Wednesday, September 11, 2024

Anti-Boko faction in Central Committee initiates special congress process

With or without the participation of party president, a 12-member faction within the Botswana National Front Central Committee plans to hold an emergency meeting as soon as possible where the main agenda will be the convening of a special congress this year.

Through the planned congress, this faction hopes to unseat party president, Duma Boko, with whom it has a toxic relationship. The insistence on the special congress being held this year stems from the fact that in terms of the BNF constitution, no national congregations can be held in an election year. Botswana goes to the polls next year and the BNF will be contesting as part of an opposition collective, the Umbrella for Democratic Change, which is also led by Boko.

The 18-member central committee is divided into factions that separate Boko and his deputy president, Reverend Prince Dibeela. Boko is said to have the support of only four members (Moeti Mohwasa, the Secretary General; Justin Hunyepa, the Publicity Secretary; Tona Mooketsi, the Organising Secretary; and Kwenantle Gaseitsiwe, an additional member appointed by Boko himself). On the other hand, Dibeela has the support of 12 members while one lady member is said to be sitting on the fence.

This situation gives Dibeela’s faction the upper hand when it comes to contentious issues that have to be settled by voting. Boko’s faction is said to have been avoiding a central committee for a long time, knowing full well what the agenda and outcome will be. Dibeela’s now wants to go for broke by calling this meeting, secure in the knowledge that it can use its numerical strength to produce a result that suits it.

At one point, the idea of Dibeela’s faction resigning en masse to force a special congress was mooted but abandoned on the advice of a loosely-confederated brain trust outside the committee that reasoned that such scenario could give Boko’s faction an advantage. The party’s constitution says that when something like that happens, an elective congress should be held within 90 days. The brain trust’s advice was that Boko would fill the vacant posts with his own people and gain more leverage.

The biggest prize in this war is ejecting of the Botswana Movement for Democracy from UDC and replacing it with its offshoot, the Alliance for Progressives. BMD is seen as a deadweight and AP as a more viable partner. Even outside Dibeela’s faction, some BNF members fear that BMD may have a working relationship with the Directorate on Intelligence Services and in its present constitution, could be part of an operation to destabilise UDC.

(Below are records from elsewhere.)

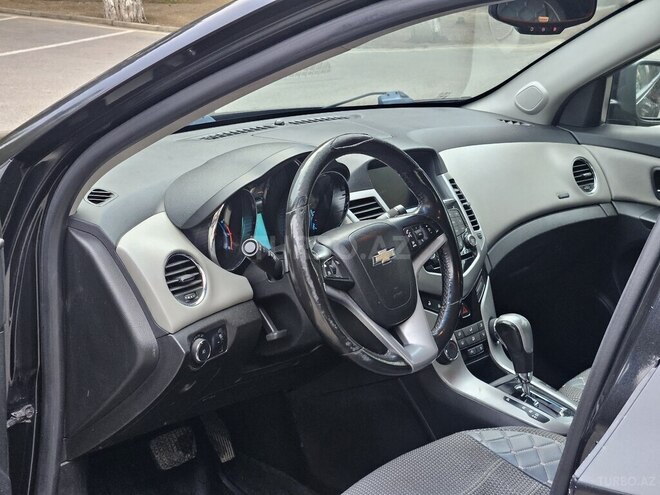 Chevrolet Cruze 2014, 297,123 km - 1.4 l - Sumqayıt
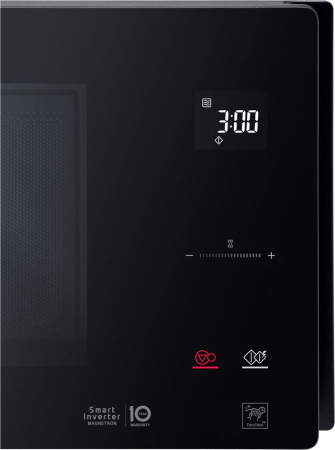 Микроволновая печь LG MB 65R95DIS
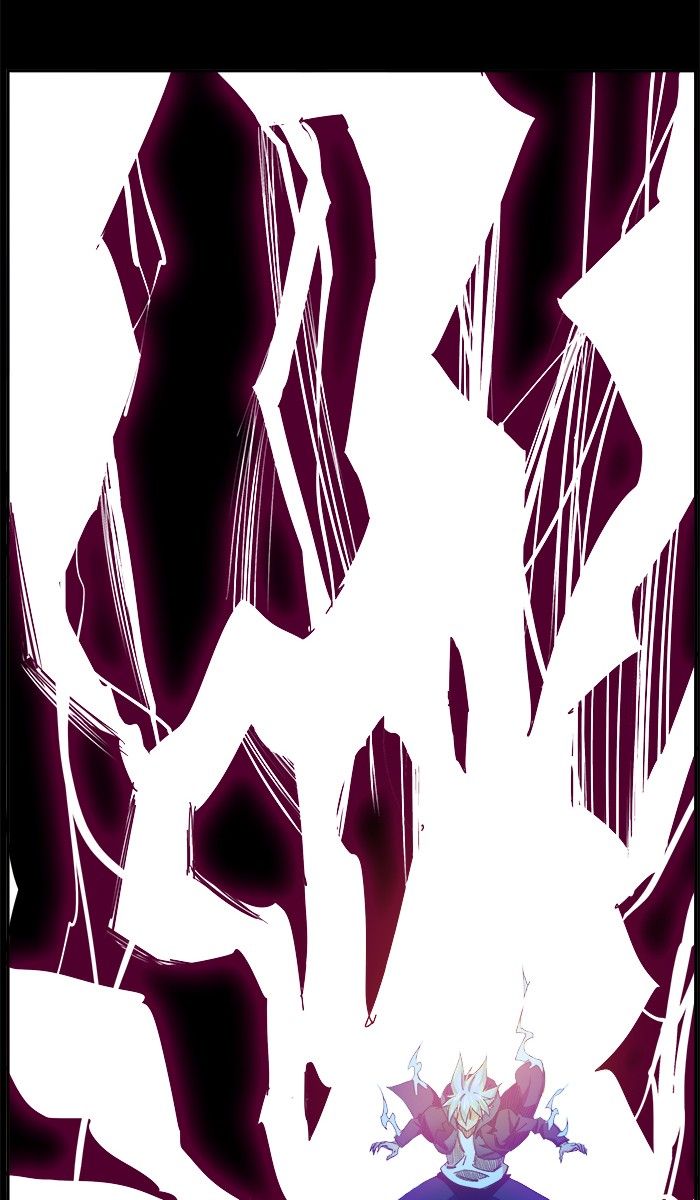 The God of High School Chapter 447 page 14 - Chapter 447: Ep. 447
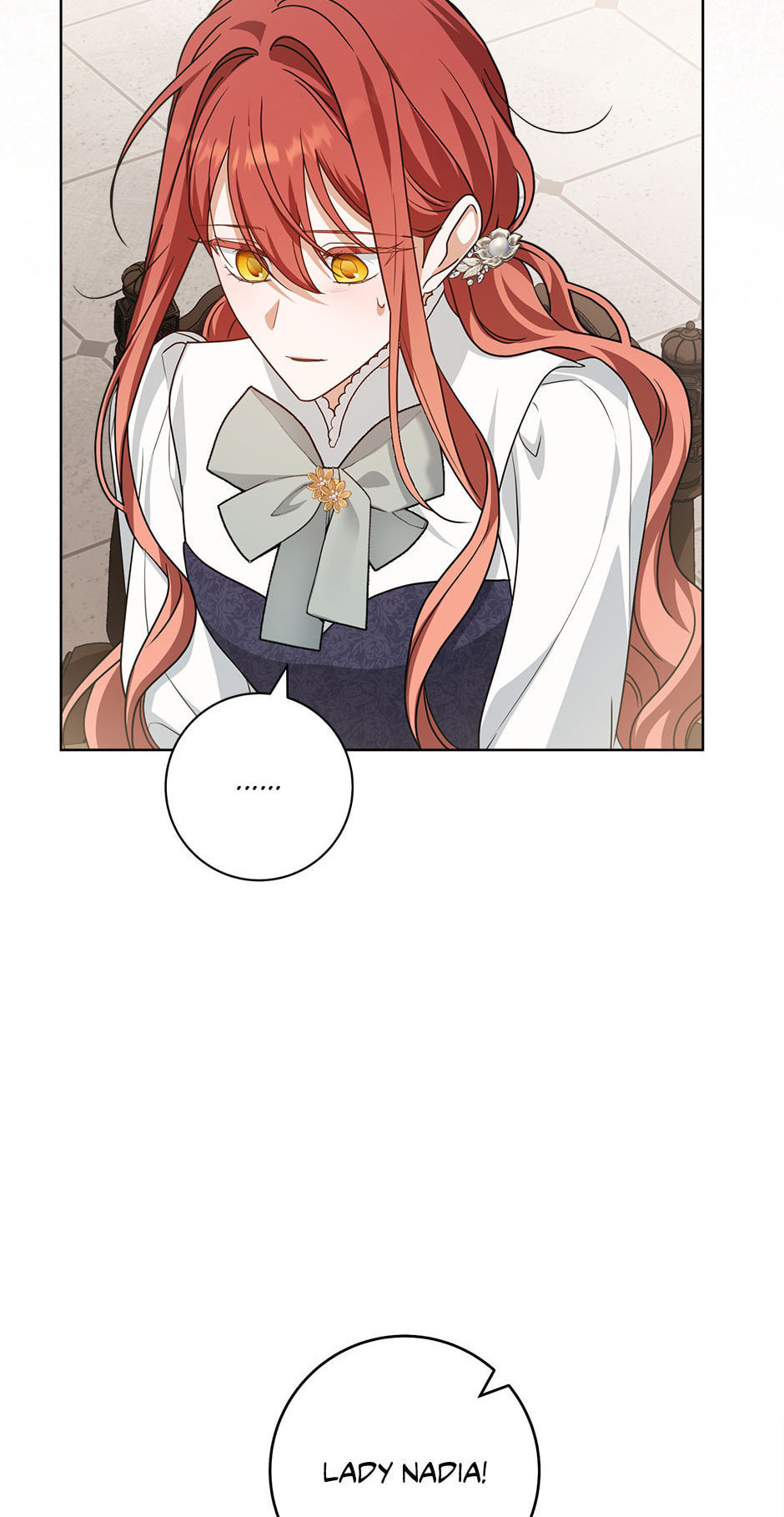 My Little Groom, Even After I'm Gone Chapter 13 page 67 - 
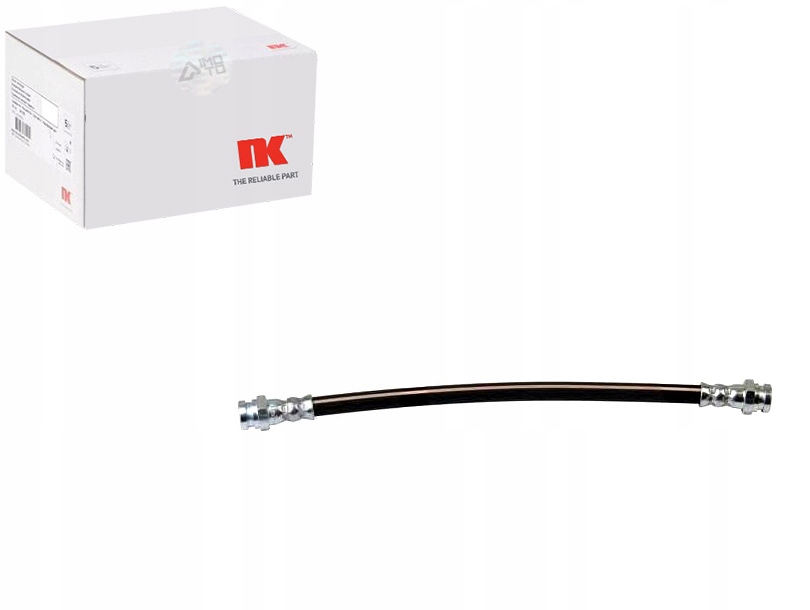 фото №5, Nk 853241 шланг гальмівний гнучкий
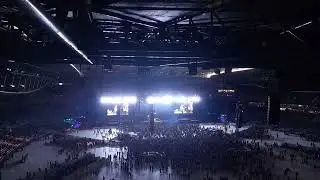 Head Like A Sieve - Ball Park Music | Oasis Live '25 - Melbourne Night 2 | 1 November 2025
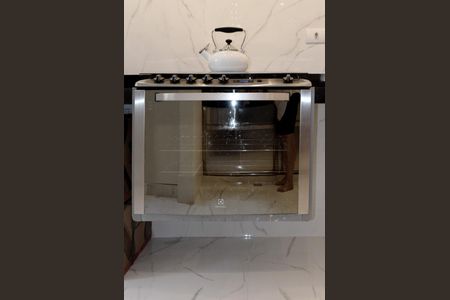 Apartamento à venda com 157m², 2 quartos e 2 vagasCozinha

Whatever advantage it may have, the Dibeela faction is itself taking a huge risk because there is no absolute guarantee that a special congress will produce a central committee it wants. Another group that is hellbent on toppling Boko is that of party veterans which, at press time, was to meet members of Dibeela’s faction in Mahalapye on Saturday.

Having long simmered behind closed doors, the tension between the two factions is boiling over into the open. One of the adverse results of such development will be the exposure of secrets that have remained out of public view for a long time. Questions are being asked and allegations being made about the money that the party raised for its 50th anniversary. Apparently no financial report was ever presented to the central committee as is customary. A deal to produce party-branded merchandise was reportedly nixed without the involvement of the central committee. The supplier was mysteriously replaced with one that the committee was not aware of that had been engaged by an employee at the party office in Gaborone.